The study guide text surfaced from the PDF did not return a matching paragraph for fabric-object-unification, but the exhibit itself shows these critical details:
On HQ-NGFW-1 , set configuration-sync default and set fabric-object-unification local
On HQ-ISFW , set configuration-sync default
The new address object on HQ-NGFW-1 has Fabric global object enabled
Those exhibit settings indicate that the object is intended to be a fabric-wide object, but the root FortiGate is currently configured with fabric-object-unification local , which prevents that object from being unified across the fabric.
Technical Deep Dive:
The correct answer is C .
Here is the key logic:
The address object was created on the root FortiGate with Fabric global object enabled .

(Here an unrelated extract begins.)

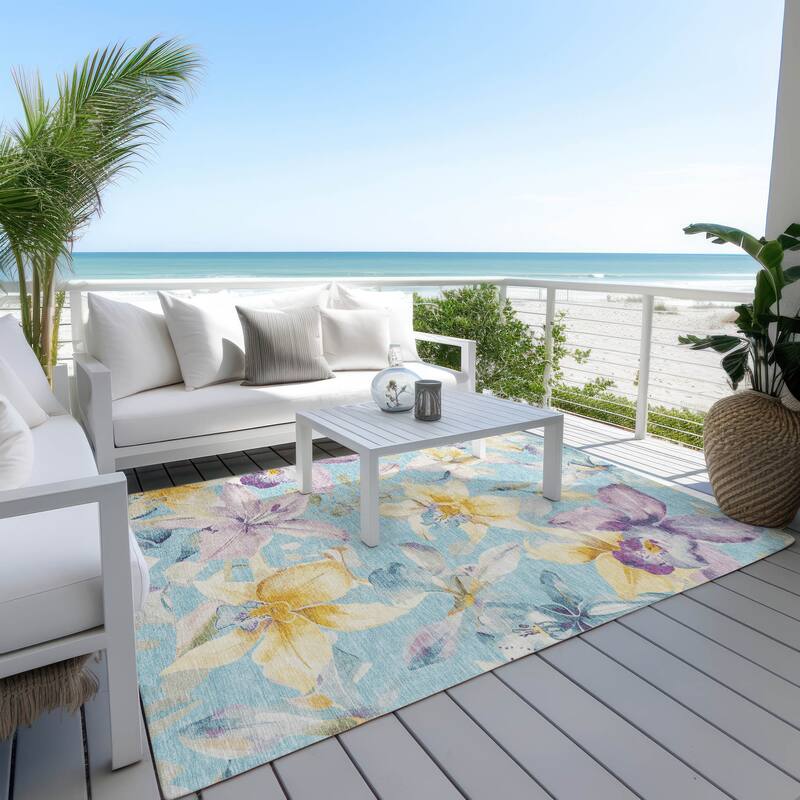 Machine Washable Indoor/ Outdoor Modern Floral Chantille Rug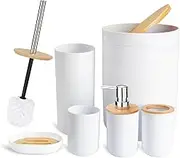 Bamboo Bathroom Accessory Set, 6 Pieces Bath Set- Soap Dish Toothbrush Holder Rinse Cup Lotion Bottle Trash Can Toilet Brush - Practical Toilet Kit for Home Washing Room (White)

Normal configuration sync is already set to default , so this is not a generic sync-disabled problem.
The root device is specifically configured with set fabric-object-unification local .
That setting keeps fabric objects local to the device rather than unifying them across downstream fabric members.
Therefore, to make the object propagate as a shared Security Fabric object, the administrator must change the root setting to:
config system csf
set fabric-object-unification default
end
Why the other options are wrong:
A is wrong because the downstream device already has configuration-sync default, and changing it to local would make synchronization more restrictive, not less.
B is wrong because saml-configuration-sync is unrelated to firewall address object synchronization.
D is wrong because downstream-access controls downstream management access behavior, not fabric object propagation.
Operationally, this feature matters when you want shared address objects, services, and policy-referenced objects to remain consistent across the Security Fabric. It reduces duplicate object administration and helps keep policy logic normalized across root and downstream FortiGate devices.